→ Supplied entries:
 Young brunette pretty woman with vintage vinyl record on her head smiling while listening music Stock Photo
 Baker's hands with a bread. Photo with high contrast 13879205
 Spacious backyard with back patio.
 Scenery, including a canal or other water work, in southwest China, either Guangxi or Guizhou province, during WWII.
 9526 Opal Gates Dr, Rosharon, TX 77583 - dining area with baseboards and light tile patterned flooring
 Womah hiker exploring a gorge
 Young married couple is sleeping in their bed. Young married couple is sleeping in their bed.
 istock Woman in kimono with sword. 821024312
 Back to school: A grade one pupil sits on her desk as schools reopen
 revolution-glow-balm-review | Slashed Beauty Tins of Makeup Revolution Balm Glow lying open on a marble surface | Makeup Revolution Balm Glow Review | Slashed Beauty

→ Instructions to follow: Reproduce only the lines from the top of the material through the one bearing "Scenery, including a", each exactly as it stands.

→ Answer section:
 Young brunette pretty woman with vintage vinyl record on her head smiling while listening music Stock Photo
 Baker's hands with a bread. Photo with high contrast 13879205
 Spacious backyard with back patio.
 Scenery, including a canal or other water work, in southwest China, either Guangxi or Guizhou province, during WWII.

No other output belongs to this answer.